Exercise directions
Below, locate the line that contains "Anteproyectos FIN-11-2017-2". Repeat exactly from that line to the line that contains "Framed Abstract Wetland III Print", inclusive, leaving out the pictures.

Brief descriptive captions
◆ ◆ ◆ ◆ ◆

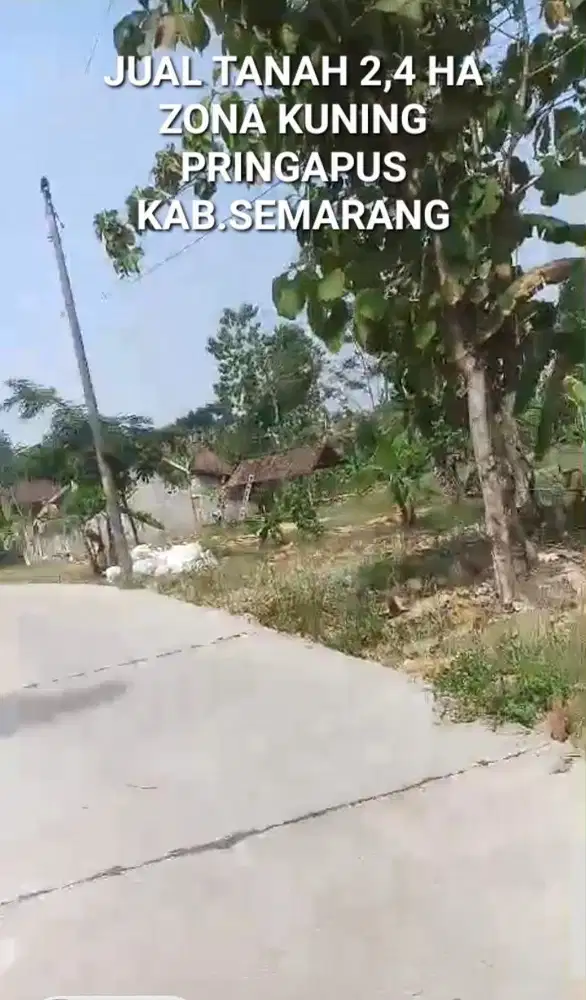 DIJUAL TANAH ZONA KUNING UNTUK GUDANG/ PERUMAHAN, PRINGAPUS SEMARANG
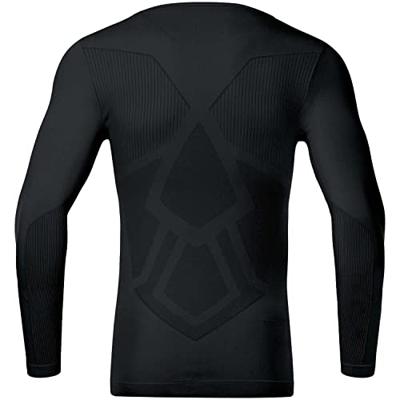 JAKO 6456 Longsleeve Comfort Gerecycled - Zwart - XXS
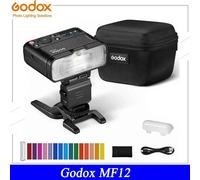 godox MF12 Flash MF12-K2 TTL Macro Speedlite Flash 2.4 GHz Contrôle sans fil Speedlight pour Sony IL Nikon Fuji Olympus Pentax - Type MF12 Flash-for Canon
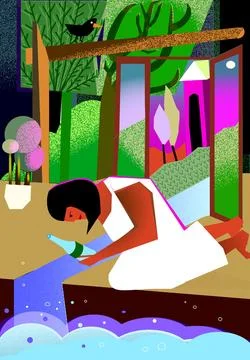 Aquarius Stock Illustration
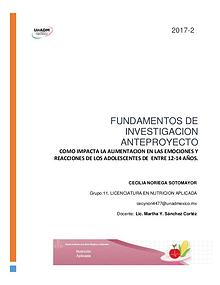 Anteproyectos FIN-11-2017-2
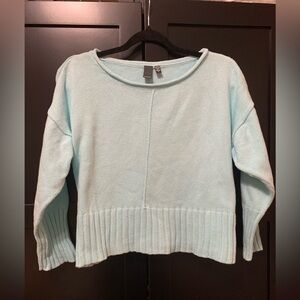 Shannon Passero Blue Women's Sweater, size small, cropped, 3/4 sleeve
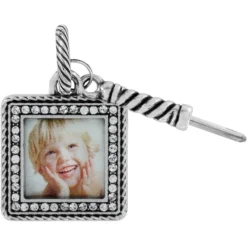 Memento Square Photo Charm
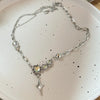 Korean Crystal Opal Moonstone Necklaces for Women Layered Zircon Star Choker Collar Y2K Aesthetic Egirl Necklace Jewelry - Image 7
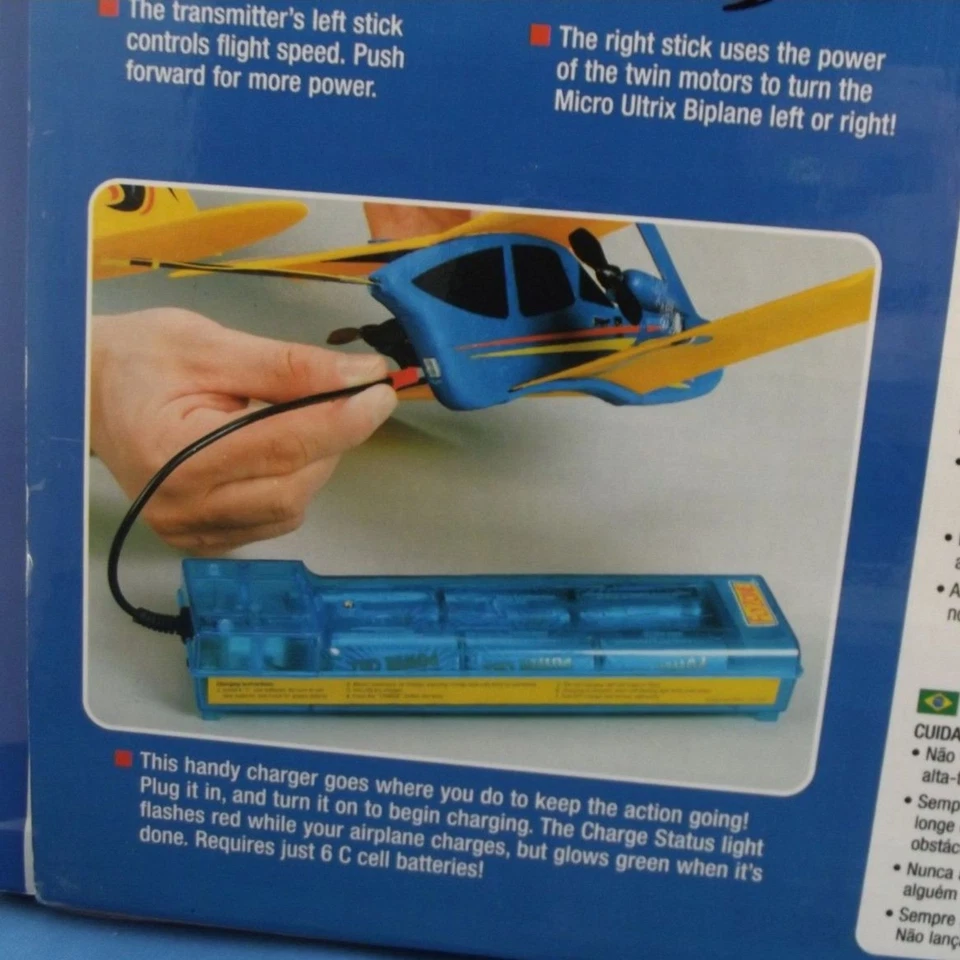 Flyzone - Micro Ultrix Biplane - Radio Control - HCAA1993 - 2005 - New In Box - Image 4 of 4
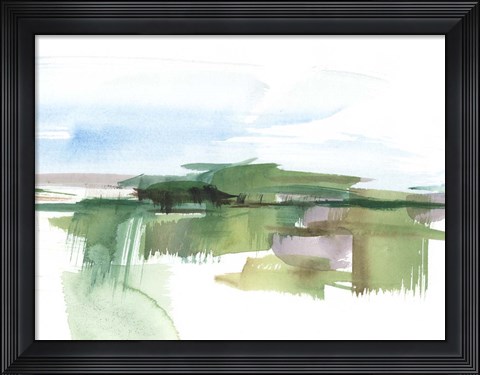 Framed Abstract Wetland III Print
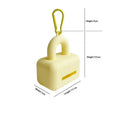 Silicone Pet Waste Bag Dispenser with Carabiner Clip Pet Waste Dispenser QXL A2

◆ ◆ ◆ ◆ ◆

Your response
 Anteproyectos FIN-11-2017-2
 Shannon Passero Blue Women's Sweater, size small, cropped, 3/4 sleeve
 Memento Square Photo Charm
 Korean Crystal Opal Moonstone Necklaces for Women Layered Zircon Star Choker Collar Y2K Aesthetic Egirl Necklace Jewelry - Image 7
 Flyzone - Micro Ultrix Biplane - Radio Control - HCAA1993 - 2005 - New In Box - Image 4 of 4
 Framed Abstract Wetland III Print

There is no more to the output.